For first and second person plural pronouns (nous and vous), on the contrary, adding a superfluous pronoun is quite normal.
"Ma famille et moi, nous avons déménagé" is a normal sentence.
omitting the pronoun "nous" as in "ma famille et moi avons déménagé" sounds written french, and you are unlikely to hear it spoken. (That does not mean never, though!)


----------



## Wotcher

In French, do you always have to use the subject pronoun even though you are using a noun in the sentence?

Example:

" Cette semaine, mon mari et moi, *nous* allons partir en vacances ".
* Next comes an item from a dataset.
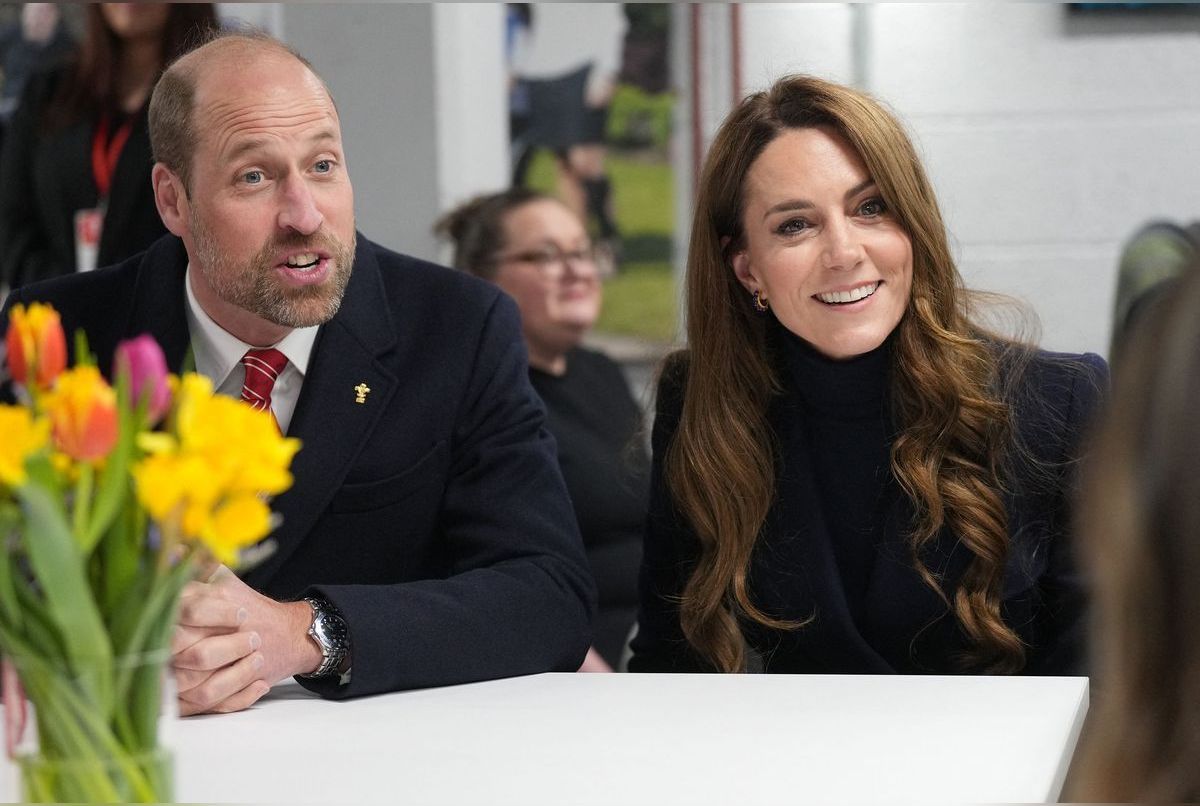 Kate Middleton : la princesse éblouissante dans un look ultra-chic rehaussé par des boucles d’oreilles à moins de 100 €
Is it necessary to include nous, or can it be left out of the sentence?

Thanks for your help.


----------



## Oddmania

No, it's not necessary 

_Mon mari et moi allons partir en vacances._

Adding _nous_ sounds more colloquial.


----------



## Wotcher

Thanks so much!

I've always been used to using the pronouns at all time. Now I know I don't have to!


----------



## Oddmania

Actually, many many many French people do use them 

I think saying _Mon mari et moi allons partir en vacances_ sounds rather... Well, not really _old-fashioned_, but a bit pretentious (only while speaking, obviously).
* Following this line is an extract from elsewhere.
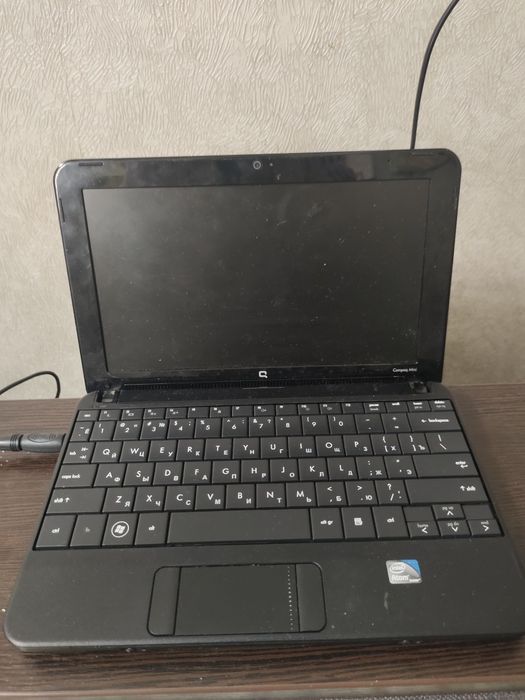 Продам Нетбук HP Compaq Mini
This is a French particularity. _Mon mari et moi allons partir_ may sound too long, so speakers think they have to add _Nous_ (or _On_, which sounds more colloquial) to start over the sentence.

_Mon mari et moi, nous allons partir en vacances._


----------



## frankjac

"Charles at I speak French."

Distinctions or levels of language or frequencey  between:

Charles et moi, nous parlons francais.

AND

Charles et moi parlons francais.


----------



## xtrasystole

Both are strictly equivalent, I believe. 

The latter is more concise, flows smoothly and may sound slightly better in spoken language (perhaps).


----------



## SwissPete

"Charles *and *I speak French."

Right?


----------



## frankjac

Right, Charles and I speak French.

So, frequency of either ---
Charles et moi parlons français.
ou
Charles et moi nous parlons français.


----------



## xtrasystole

depends on the context.

75% _vs_ 25%, I would say.


----------



## The Prof

What about:
_"Charles et moi, *on parle* français."_ ?

I have often heard "on" used in this type of sentence, but never been sure how widespread or acceptable it is.


----------



## Lacuzon

Hi,

It is colloquial.


----------



## xtrasystole

The Prof said:


> What about:
> _"Charles et moi, *on parle* français."_ ?


Yes  , that's a very common form —but colloquial. In spoken French only.


----------



## frankjac

Clearly, you get into problems when you want to say:
"Charles and I are taking a walk."
Dropping the subject pronoun, then gives us:
"Charles et moi nous promenons.

vs."Charles et moi nous nous promenons."

 […]


----------



## Doude

No, you definitely need "Charles et moi nous *nous *promenons", "Charles et moi nous promenons" can be understood but it is a bit confusing... 

[…]


----------



## Maître Capello

Well, actually, both are correct and I prefer the latter…


----------



## Doude

Sure, you can say it but it seems to me a bit strange when spoken. It wouldn't be ambiguous if you write it, but in oral communication, I prefer saying "Charles et moi, nous _nous _promenons"... But that's a detail


----------



## Maître Capello

Why would it be ambiguous in speech? 

At any rate, you prefer duplicating _nous_ and I prefer not repeating it—it is really a matter of personal taste…


----------



## Doude

I asked other friends about that, and they also told me that they prefer "Charles et moi _nous_ promenons" when written and "Charles et moi _nous nous_ promenons" when spoken... 
But I agree with you, that's personal taste; I just gave mine to frankjac


----------



## Francobritannocolombien

Maître Capello said:


> Why would it be ambiguous in speech?



It's not so much that it's _ambiguous _but it is somewhat confusing because you can't see the comma when you speak, so it takes a while to process the "nous": is it the subject or the object of the verb? Since "promener" can't be used without an object (reflexive or direct), you have to be certain that the sentence is over, and that the speaker is not going to add "le chien" at the end, to know that the object has to be "nous" and that the verb is used reflexively. 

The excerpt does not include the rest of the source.